== Data excerpts ==

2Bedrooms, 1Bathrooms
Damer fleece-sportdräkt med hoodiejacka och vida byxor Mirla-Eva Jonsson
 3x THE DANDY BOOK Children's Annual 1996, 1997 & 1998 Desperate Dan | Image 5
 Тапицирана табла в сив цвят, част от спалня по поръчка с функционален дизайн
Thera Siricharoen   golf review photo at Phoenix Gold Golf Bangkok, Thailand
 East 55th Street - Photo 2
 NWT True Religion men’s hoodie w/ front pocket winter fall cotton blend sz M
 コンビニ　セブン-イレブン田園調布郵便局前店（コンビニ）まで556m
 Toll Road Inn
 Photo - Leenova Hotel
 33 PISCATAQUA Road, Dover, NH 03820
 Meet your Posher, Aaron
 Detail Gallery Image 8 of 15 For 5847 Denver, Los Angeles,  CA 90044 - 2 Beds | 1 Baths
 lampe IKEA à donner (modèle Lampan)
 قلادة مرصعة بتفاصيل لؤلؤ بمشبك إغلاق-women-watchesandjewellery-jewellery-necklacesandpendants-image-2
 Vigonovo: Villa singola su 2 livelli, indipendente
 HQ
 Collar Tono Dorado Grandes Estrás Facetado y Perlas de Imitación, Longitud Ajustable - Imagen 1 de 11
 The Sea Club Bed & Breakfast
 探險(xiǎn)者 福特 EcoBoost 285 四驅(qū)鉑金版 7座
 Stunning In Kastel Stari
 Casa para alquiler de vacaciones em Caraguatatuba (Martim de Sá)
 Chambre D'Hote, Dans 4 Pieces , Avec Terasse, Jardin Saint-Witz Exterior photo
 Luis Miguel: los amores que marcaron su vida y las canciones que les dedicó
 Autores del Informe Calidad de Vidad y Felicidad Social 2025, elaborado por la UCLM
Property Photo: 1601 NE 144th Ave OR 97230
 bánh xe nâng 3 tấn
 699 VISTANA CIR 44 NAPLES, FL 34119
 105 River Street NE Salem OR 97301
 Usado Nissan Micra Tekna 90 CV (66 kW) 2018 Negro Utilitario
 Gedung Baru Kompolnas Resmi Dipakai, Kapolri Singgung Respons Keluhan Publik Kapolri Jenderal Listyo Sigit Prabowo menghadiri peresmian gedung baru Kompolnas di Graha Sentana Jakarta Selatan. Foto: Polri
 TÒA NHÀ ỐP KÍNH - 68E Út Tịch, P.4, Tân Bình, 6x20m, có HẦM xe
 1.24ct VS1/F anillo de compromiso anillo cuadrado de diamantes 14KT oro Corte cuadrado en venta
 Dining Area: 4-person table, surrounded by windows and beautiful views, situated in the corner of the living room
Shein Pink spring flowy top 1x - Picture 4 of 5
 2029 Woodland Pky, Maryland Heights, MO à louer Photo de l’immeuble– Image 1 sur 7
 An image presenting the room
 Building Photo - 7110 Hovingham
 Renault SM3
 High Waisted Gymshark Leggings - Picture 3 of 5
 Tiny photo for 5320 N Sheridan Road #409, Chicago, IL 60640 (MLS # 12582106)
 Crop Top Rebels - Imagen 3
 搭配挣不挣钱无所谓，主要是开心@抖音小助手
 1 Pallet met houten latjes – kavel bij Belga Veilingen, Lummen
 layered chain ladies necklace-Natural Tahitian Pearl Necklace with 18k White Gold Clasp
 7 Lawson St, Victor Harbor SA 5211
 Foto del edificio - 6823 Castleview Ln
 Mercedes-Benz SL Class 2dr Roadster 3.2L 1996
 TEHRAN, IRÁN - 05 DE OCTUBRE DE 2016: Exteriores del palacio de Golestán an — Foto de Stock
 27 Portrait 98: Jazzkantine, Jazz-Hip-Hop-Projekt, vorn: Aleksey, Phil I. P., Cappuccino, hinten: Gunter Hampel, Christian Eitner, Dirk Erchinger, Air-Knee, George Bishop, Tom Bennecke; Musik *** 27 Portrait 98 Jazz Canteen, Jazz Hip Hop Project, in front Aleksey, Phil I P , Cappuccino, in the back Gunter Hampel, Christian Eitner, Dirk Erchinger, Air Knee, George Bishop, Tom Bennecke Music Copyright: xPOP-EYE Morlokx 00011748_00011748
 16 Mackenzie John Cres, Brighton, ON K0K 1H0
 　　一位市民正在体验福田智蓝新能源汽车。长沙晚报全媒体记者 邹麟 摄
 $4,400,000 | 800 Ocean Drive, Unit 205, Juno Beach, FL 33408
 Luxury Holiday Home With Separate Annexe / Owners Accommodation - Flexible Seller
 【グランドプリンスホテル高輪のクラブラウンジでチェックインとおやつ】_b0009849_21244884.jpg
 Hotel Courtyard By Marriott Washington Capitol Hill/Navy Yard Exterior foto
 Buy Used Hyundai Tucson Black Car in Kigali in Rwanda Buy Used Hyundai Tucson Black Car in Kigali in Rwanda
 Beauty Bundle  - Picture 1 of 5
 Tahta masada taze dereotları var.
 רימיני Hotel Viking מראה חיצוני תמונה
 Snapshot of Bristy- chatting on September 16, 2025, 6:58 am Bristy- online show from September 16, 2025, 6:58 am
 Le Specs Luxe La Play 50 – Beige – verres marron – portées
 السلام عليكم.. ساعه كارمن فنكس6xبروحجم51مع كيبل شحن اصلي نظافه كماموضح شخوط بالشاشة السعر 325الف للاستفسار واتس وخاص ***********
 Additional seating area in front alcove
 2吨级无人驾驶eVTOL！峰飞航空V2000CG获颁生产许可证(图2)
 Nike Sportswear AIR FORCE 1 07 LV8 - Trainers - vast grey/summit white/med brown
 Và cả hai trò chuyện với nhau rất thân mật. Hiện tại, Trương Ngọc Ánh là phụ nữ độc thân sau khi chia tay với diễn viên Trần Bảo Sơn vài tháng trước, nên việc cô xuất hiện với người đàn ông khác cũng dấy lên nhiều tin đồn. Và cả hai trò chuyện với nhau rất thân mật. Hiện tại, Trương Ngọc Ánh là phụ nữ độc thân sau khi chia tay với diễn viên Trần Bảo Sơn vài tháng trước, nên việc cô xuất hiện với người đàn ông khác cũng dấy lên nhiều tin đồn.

===

[Problem to solve] In the listing above, transcribe exactly everything from the line containing "السلام عليكم.. ساعه" down to the line containing "Nike Sportswear AIR", including both and nothing more.

[Answer for the task]
 السلام عليكم.. ساعه كارمن فنكس6xبروحجم51مع كيبل شحن اصلي نظافه كماموضح شخوط بالشاشة السعر 325الف للاستفسار واتس وخاص ***********
 Additional seating area in front alcove
 2吨级无人驾驶eVTOL！峰飞航空V2000CG获颁生产许可证(图2)
 Nike Sportswear AIR FORCE 1 07 LV8 - Trainers - vast grey/summit white/med brown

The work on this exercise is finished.